== WHAT TO WORK ON ==
Starting from the line with "Pittsburgh Steelers #83" and going up to and including the line with "1X Key Ring", copy the listing below exactly. Leave all images out.

== THE INPUT ==

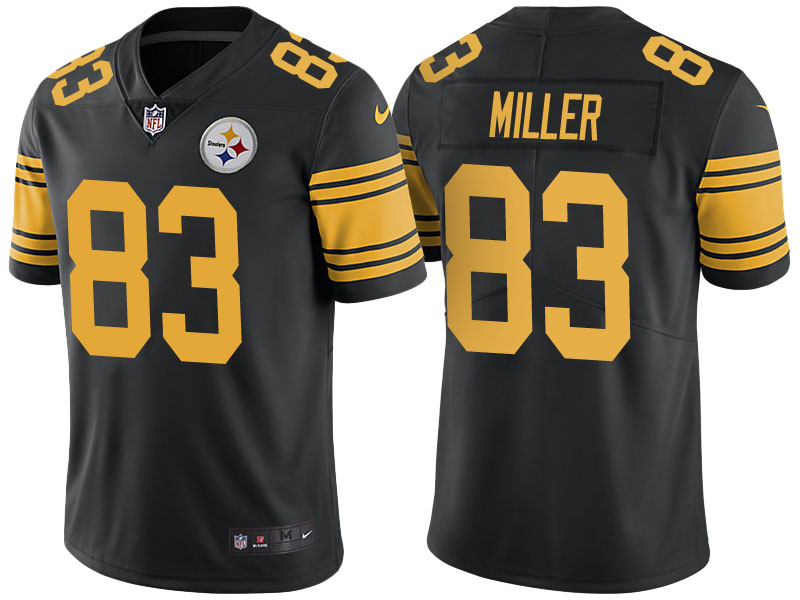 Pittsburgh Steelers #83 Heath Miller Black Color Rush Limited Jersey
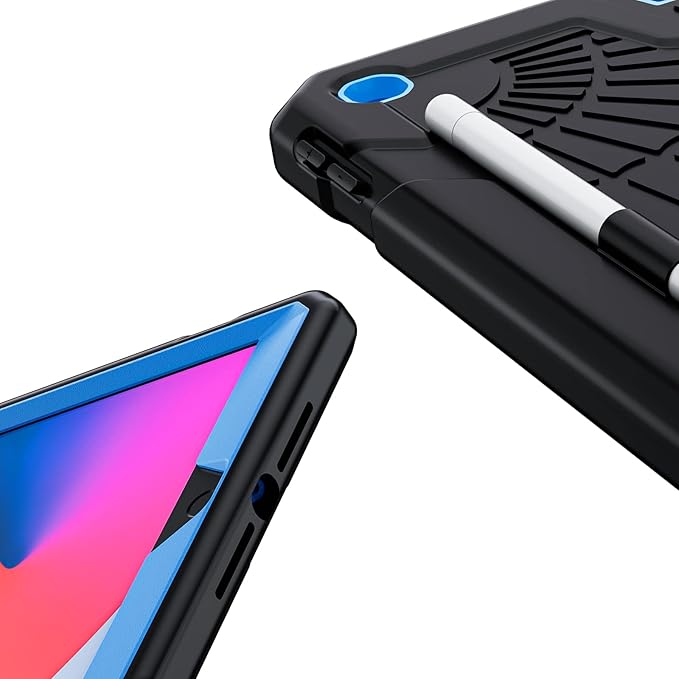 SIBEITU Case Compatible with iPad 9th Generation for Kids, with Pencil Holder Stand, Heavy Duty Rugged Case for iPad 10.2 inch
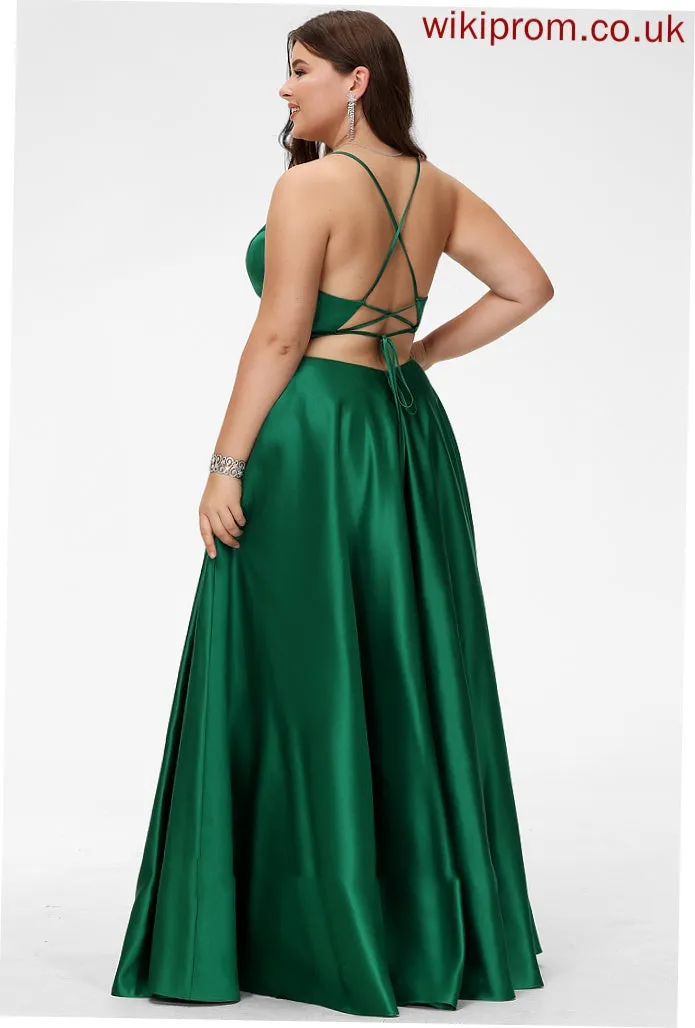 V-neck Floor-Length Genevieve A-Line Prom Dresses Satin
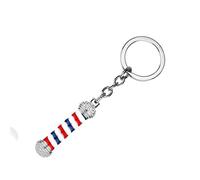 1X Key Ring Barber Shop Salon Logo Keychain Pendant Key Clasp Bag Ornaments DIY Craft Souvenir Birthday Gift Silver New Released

---

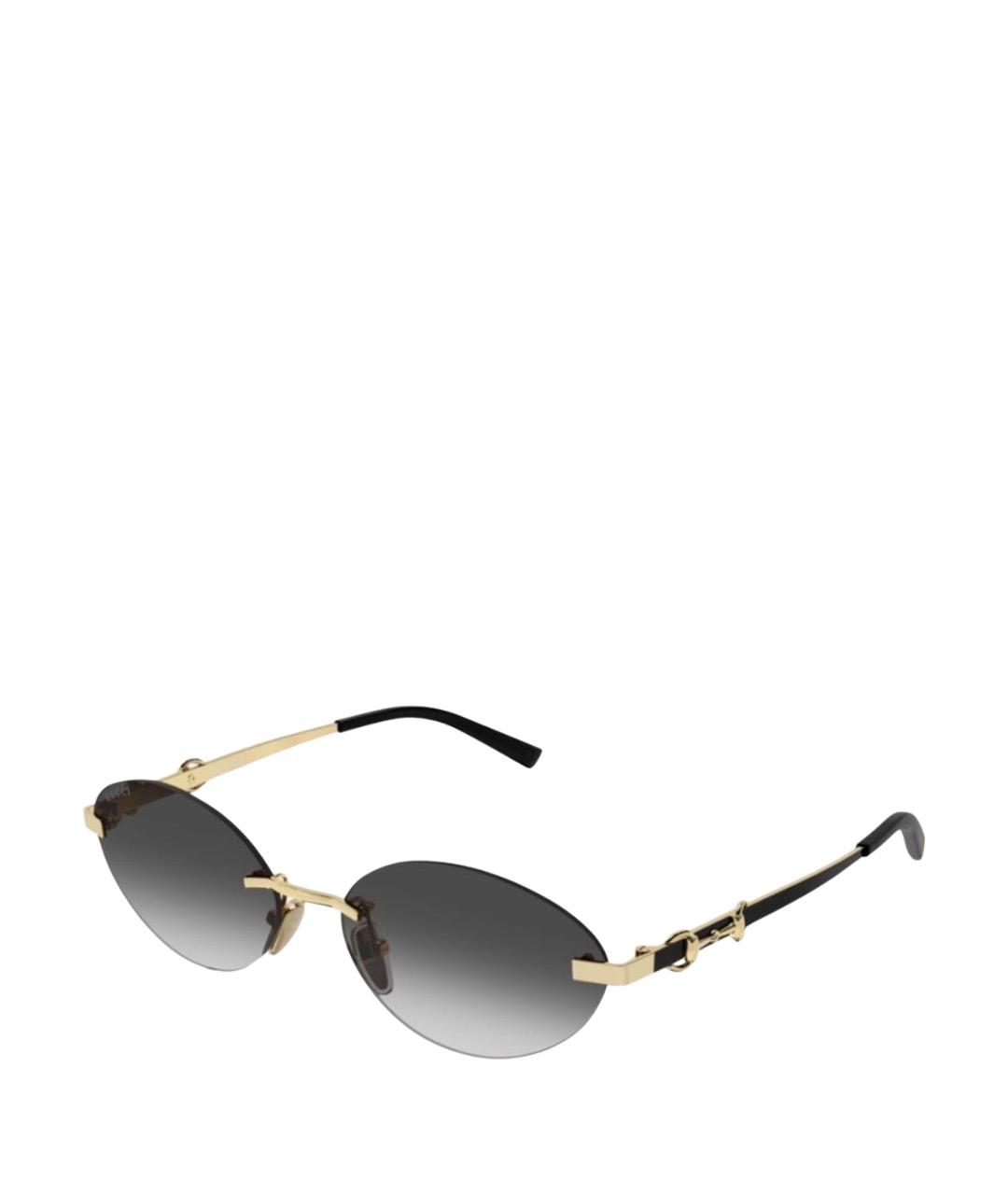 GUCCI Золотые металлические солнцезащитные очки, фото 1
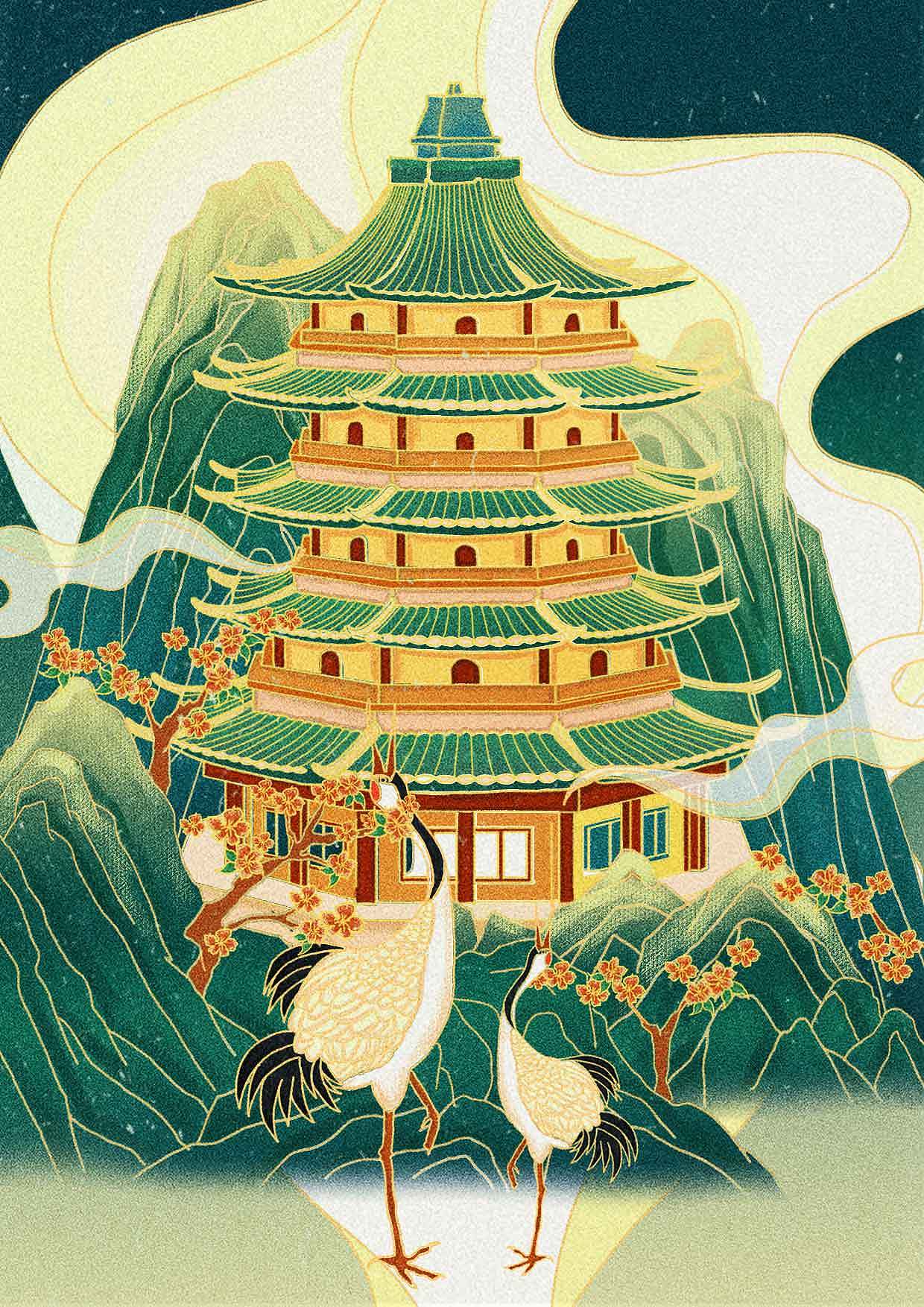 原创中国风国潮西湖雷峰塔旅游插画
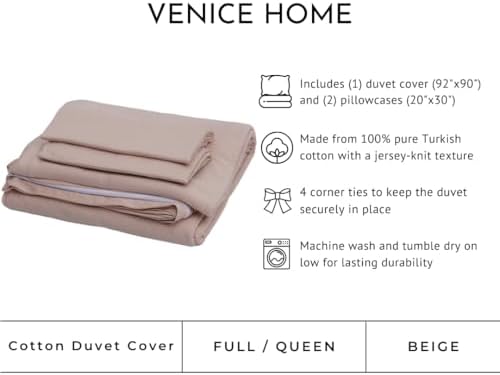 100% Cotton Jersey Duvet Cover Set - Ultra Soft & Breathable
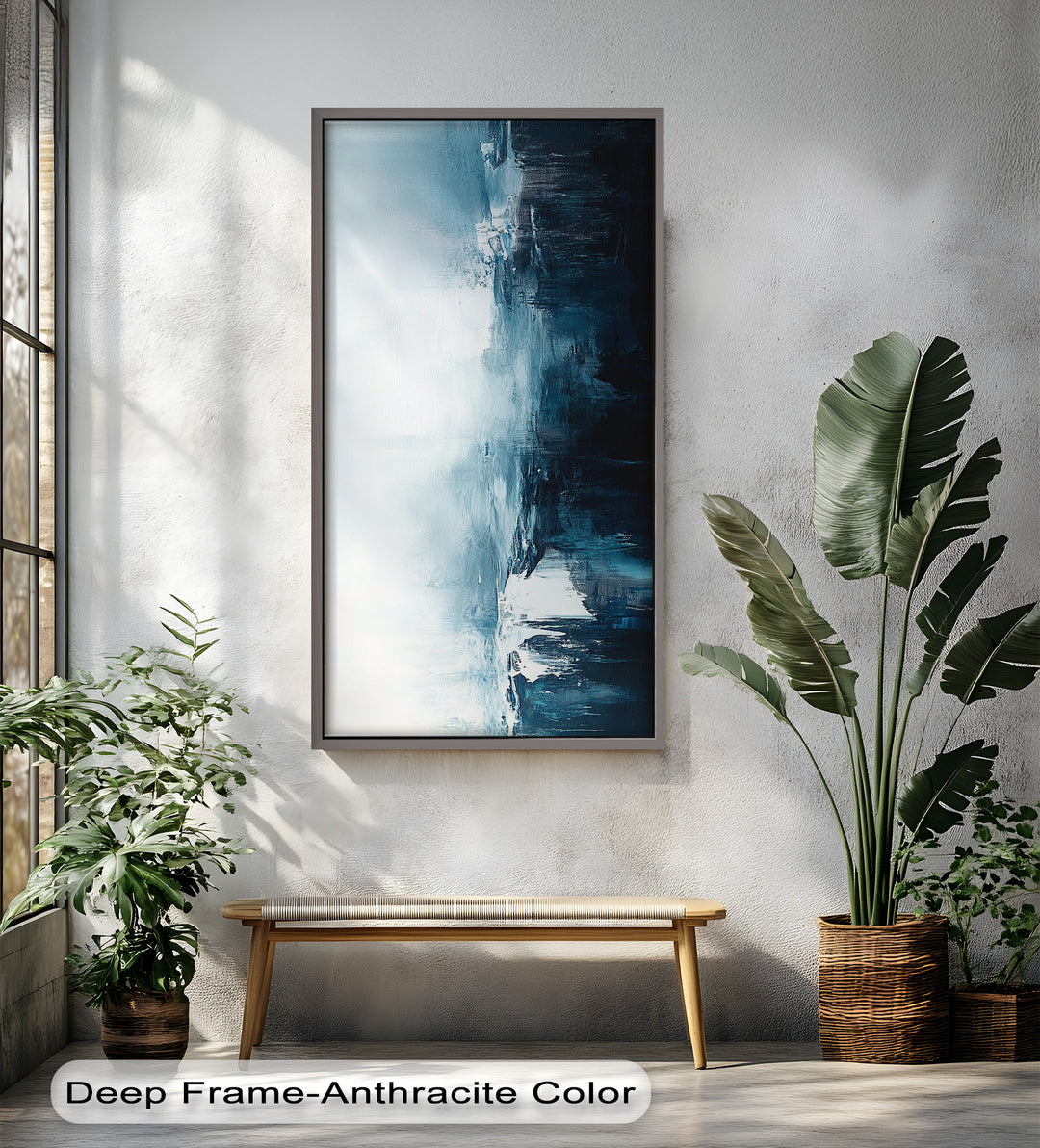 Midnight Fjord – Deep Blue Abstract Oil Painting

== OUTPUT FOR THIS EXERCISE ==
 Pittsburgh Steelers #83 Heath Miller Black Color Rush Limited Jersey
 SIBEITU Case Compatible with iPad 9th Generation for Kids, with Pencil Holder Stand, Heavy Duty Rugged Case for iPad 10.2 inch
 V-neck Floor-Length Genevieve A-Line Prom Dresses Satin
 1X Key Ring Barber Shop Salon Logo Keychain Pendant Key Clasp Bag Ornaments DIY Craft Souvenir Birthday Gift Silver New Released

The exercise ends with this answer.